Eating Time and Dessert Nights

My relationship with food is definitely a love/hate thing. It’s like a combination of the feeling of getting to stay up late at night when you’re a kid, the feeling of having to take some nasty pink antibiotics, and the feeling of having to mow the lawn.

Well, when Benji came along, Ian and I decided to take a stand in two areas: Sleep and food. I wanted Benji to have a healthier relationship with food than I did.

Throughout the littlest-kid years, we defended naps with the vigilance of a mother tiger over her cubs. Sleep was tough, sure, especially during sleep regressions and when we hit developmental milestones. Is it time to go from two naps to one? How do we do it? Yet, ultimately, we controlled that to a great extent. That is, we could at least control when we put Benji in his room and when he was allowed to come out: We carved out the time for healthy rest, and for the most part, he took it.

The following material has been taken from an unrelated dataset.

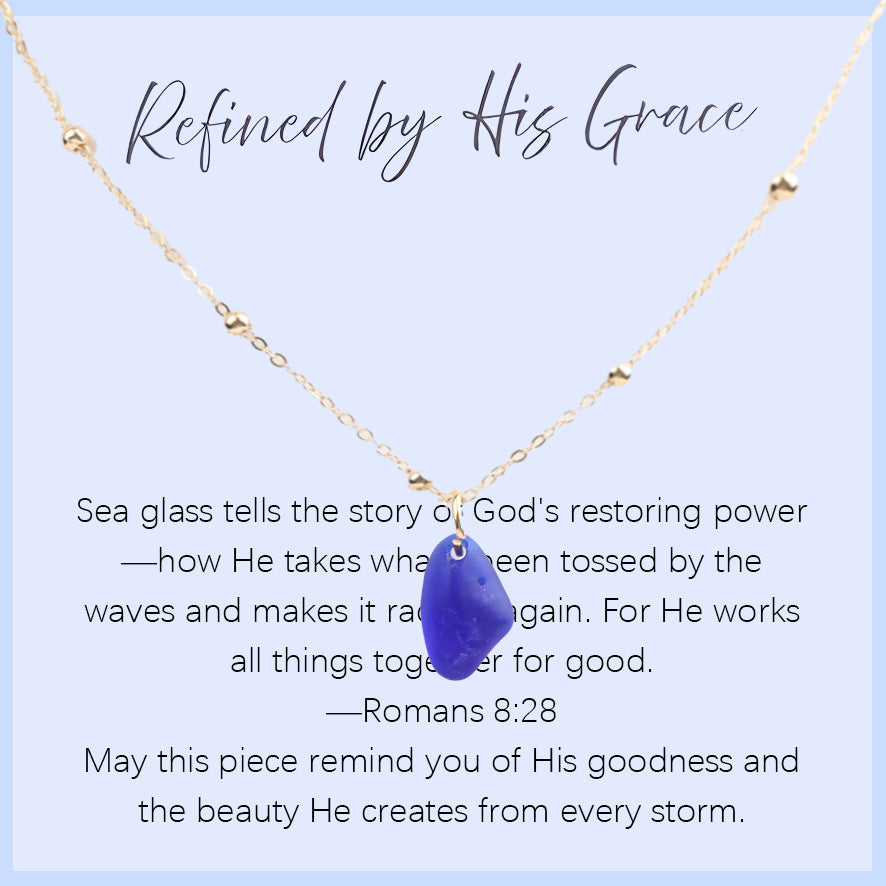 Sea Glass Teardrop Necklace | Symbol of Love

Only since school started this September has he really seemed to give up napping, and even so, he still falls asleep occasionally during “quiet time,” which we still do for at least an hour a day after lunch.

Anyway, boy, food has proved tougher. You can’t make a kid eat! Eating or not eating — from Day 1, it’s the first place that little person asserts his independence. You can’t make me eat!

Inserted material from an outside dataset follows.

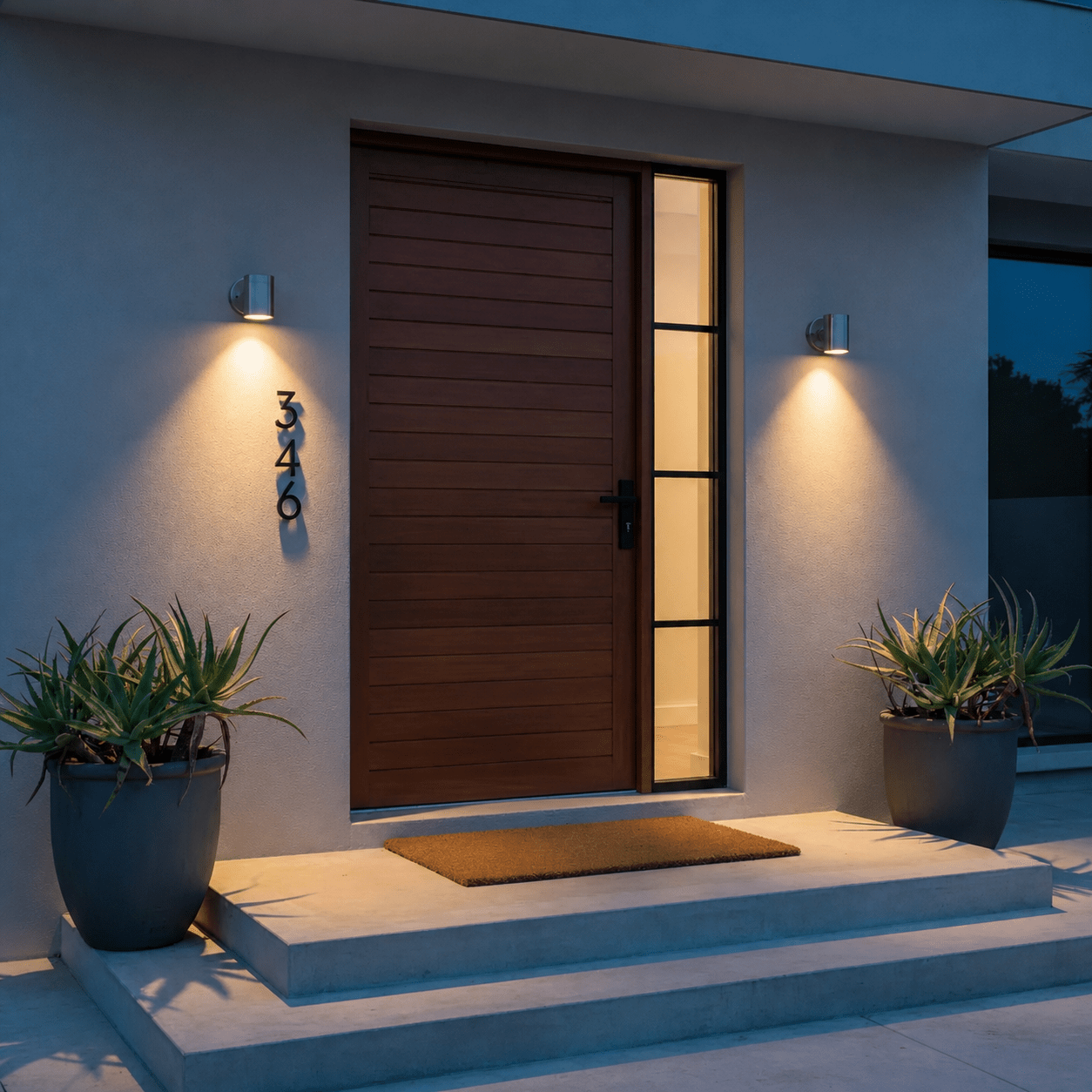 Modern outdoor wall light illuminating entrance with potted plants and a wooden door.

Long story short, we eventually settled on offering a variety of mostly healthy foods and telling him to eat until his tummy wasn’t hungry anymore.

But over time this evolved into Benji wanting us to quantify how much food he had to eat to be done. We would suggest a number, and he’d take that many bites, no more or less.

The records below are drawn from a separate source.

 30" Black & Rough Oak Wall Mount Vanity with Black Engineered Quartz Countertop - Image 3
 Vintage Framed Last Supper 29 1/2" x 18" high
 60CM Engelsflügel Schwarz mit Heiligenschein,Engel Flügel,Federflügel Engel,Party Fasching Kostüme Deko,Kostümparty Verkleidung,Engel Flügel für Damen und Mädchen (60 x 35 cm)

Then it got worse as, at dinner time, the question turned into: “How many bites do I have to eat to get dessert?” No matter what we said, this always resulted in whining and negotiating, claims that no reasonable human being could eat six bites of pasta AND all the peas, we were practically monsters in parent form, etc., etc.

About a month ago, I was talking with a friend at church about this misery and she mentioned that they just have dessert nights at their house. The kids pick two nights a week when they have dessert; the other nights, they just don’t.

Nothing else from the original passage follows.